Does your Data Center Follow ASHRAE TC 9.9 Thermal Guidelines for Data Processing Environments?
April 12, 2016

Did you know that according to a report by Energy Star on the recommendations of the American Society of Heating, Refrigerating and Air-Conditioning Engineers (ASHRAE), the recommended temperature near the inlet of servers should be in the range of 65-80 degrees Fahrenheit? Such guidelines are very important for ensuring the optimal functioning of data centers, since the environment has a huge impact on the functioning of the equipment at such facilities.
 
Data center environment monitoring helps in alerting data center operators about any changes in the temperature of the room, failure of any devices, humidity and more, so that quick action can be taken to prevent serious damage. ASHRAE’s Thermal Guidelines for Data Processing Environments, 4th Edition, specifies new recommended and allowable environment envelopes pertaining to air entering the IT equipment.
 
Areas Where Environment Monitoring is Important
 
Here are four areas where environmental monitoring is important:

  1. At the Rack Level: Systems have the ability to auto-shut themselves down when a rise in temperature threatens their functioning. Moreover, it is possible that heating issues and the failure of the device’s cooling fan can potentially cause computational errors. To avoid this, ASHRAE suggests instrumenting and monitoring the inlets of racks and cabinets at the bottom, middle, and top of the rack, maintaining a specified recommended (18C to 27C) as well as allowable (15C to 32C) thermal ranges.
  2. On the Corridor Level: If one is using a cool corridor or cold aisle containment system, the hot aisle temperature can be in the range up to 50 degrees C. This scenario requires even more stringent supervision, since even the failure of a single air conditioner will have a faster impact on temperature rise and equipment functioning. If one is using a hot corridor system, then temperatures across the room must be monitored.
  3. On the Room Level: Humidity and temperature must be monitored and analyzed regularly to isolate hot spots and air conditioning failures. Generally, when one CRAC/CRAH fails, the other compensates for it. But replacement is still required and that is why there is a need for sensors near these cooling systems to detect their proper functioning. Failure on this end increases stress on the IT equipment, which might cause serious problems later. Humidity is recommended at 60%RH and allowable at 20% to 80% RH.
  4. Water Threats: Water can damage the systems by entering the data center rooms through leakages in coolant systems, through water pipes on the roof or leakage from roof or floor, and flooding. To avoid this, it is important to also install water sensors below the raised floor or on the slab to offer continuous monitoring.

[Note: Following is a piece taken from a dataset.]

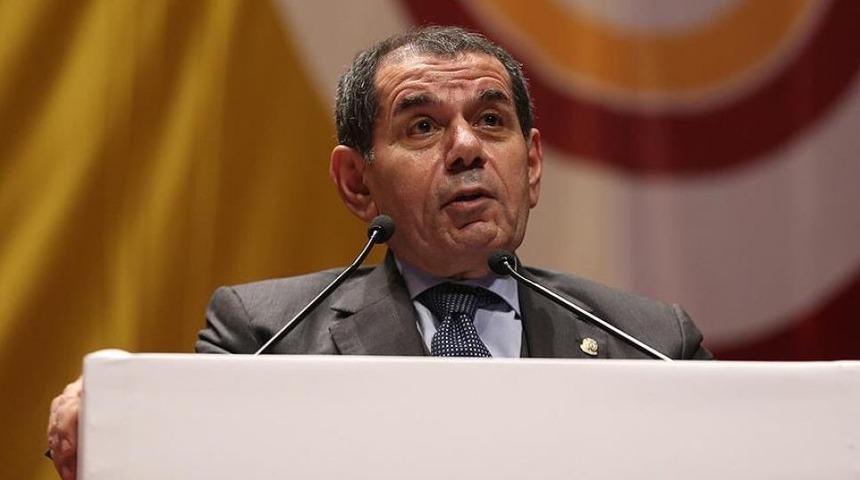 Dursun Özbek'ten bayrak açıklaması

It is important to identify and mitigate environment related threats to your data center facility. When choosing data center environment monitoring software, make sure to choose a DCIM tool that offers a broad range of intelligent sensors, such as smoke, humidity, pressure, water and airflow detectors that are compatible with enterprise class DCIM monitoring to help you get the right alerts at the right time! Modern DCIM monitoring tools dramatically simplify the visualization of thousands of sensor points providing quick and easy insight to help you maximize uptime, save energy, and save money.